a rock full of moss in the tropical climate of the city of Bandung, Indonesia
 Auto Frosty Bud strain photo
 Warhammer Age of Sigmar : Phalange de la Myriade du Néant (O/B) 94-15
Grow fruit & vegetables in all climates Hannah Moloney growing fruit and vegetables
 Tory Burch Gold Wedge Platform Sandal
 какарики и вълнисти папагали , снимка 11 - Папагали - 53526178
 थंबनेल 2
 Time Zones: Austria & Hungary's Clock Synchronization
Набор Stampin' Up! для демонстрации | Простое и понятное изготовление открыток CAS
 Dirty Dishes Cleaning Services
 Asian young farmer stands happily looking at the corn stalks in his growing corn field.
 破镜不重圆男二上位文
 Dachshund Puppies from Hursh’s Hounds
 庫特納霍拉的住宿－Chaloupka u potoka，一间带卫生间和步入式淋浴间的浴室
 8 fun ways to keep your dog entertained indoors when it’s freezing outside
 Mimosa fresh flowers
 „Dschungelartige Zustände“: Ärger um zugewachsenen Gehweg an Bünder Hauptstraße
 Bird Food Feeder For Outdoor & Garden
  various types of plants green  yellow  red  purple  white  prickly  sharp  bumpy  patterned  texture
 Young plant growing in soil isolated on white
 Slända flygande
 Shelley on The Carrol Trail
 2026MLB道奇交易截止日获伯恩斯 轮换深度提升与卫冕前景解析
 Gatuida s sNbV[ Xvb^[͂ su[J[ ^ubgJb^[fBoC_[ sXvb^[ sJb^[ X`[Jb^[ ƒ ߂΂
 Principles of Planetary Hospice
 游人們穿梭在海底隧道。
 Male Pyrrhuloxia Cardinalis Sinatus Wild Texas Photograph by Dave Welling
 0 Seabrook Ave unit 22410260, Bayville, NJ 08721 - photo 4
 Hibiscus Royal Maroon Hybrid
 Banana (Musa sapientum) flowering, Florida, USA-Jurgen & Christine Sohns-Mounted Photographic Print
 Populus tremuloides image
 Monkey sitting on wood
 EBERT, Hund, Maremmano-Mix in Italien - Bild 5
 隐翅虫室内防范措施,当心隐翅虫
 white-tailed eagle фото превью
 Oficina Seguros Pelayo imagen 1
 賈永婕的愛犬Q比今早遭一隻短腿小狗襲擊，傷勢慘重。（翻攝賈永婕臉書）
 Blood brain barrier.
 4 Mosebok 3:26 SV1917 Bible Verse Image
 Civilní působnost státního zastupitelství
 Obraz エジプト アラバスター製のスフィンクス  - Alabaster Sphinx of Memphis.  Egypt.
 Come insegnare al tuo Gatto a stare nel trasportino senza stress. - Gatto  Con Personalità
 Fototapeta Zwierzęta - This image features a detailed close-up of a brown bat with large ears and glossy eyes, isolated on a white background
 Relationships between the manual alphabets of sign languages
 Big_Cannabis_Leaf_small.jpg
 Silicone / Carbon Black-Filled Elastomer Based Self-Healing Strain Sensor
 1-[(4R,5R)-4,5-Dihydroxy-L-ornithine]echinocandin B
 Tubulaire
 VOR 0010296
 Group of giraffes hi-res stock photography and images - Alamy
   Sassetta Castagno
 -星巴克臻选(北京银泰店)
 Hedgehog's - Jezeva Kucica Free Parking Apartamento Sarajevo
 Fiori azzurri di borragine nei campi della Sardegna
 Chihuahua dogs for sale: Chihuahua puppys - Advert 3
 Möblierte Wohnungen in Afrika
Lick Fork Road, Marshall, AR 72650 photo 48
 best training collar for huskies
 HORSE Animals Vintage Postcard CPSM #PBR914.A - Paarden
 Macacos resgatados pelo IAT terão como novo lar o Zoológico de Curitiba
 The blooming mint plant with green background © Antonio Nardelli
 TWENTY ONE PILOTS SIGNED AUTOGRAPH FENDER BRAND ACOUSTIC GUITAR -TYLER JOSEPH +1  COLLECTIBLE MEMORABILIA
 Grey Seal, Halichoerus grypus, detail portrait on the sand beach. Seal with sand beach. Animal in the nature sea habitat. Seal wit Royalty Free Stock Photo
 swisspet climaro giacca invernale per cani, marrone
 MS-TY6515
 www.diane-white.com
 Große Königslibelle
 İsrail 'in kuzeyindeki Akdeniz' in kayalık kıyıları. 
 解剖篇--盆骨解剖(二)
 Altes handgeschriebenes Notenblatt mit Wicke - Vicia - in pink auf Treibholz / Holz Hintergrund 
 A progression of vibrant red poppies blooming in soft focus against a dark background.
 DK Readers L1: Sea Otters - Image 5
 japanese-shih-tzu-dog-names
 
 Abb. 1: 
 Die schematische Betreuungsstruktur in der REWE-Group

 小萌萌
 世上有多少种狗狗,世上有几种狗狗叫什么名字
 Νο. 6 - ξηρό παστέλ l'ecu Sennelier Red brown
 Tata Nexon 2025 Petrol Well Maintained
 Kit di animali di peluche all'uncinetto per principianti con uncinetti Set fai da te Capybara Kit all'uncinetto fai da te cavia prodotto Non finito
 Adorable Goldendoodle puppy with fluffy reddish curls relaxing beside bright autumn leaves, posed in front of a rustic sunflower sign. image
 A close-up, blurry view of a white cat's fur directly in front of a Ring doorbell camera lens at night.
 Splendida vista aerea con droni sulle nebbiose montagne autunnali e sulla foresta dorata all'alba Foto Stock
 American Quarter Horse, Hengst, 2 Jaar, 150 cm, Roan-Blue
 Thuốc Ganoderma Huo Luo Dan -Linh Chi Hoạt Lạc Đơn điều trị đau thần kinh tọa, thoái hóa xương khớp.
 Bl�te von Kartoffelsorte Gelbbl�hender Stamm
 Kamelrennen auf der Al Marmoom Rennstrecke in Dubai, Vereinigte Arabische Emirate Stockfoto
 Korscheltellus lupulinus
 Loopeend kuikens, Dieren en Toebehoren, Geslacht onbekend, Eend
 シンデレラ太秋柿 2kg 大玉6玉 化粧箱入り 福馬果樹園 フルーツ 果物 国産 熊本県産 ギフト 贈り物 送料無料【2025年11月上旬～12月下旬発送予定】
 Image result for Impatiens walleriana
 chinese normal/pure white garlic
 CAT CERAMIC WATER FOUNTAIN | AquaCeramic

▬▬▬

**INSTRUCTIONS TO FOLLOW:** Among the records above, only the lines between the line holding "隐翅虫室内防范措施,当心隐翅虫" and the line holding "Obraz エジプト アラバスター製のスフィンクス", inclusive, are to be output, exactly as written.

**SOLUTION TO THIS EXERCISE:**
 隐翅虫室内防范措施,当心隐翅虫
 white-tailed eagle фото превью
 Oficina Seguros Pelayo imagen 1
 賈永婕的愛犬Q比今早遭一隻短腿小狗襲擊，傷勢慘重。（翻攝賈永婕臉書）
 Blood brain barrier.
 4 Mosebok 3:26 SV1917 Bible Verse Image
 Civilní působnost státního zastupitelství
 Obraz エジプト アラバスター製のスフィンクス  - Alabaster Sphinx of Memphis.  Egypt.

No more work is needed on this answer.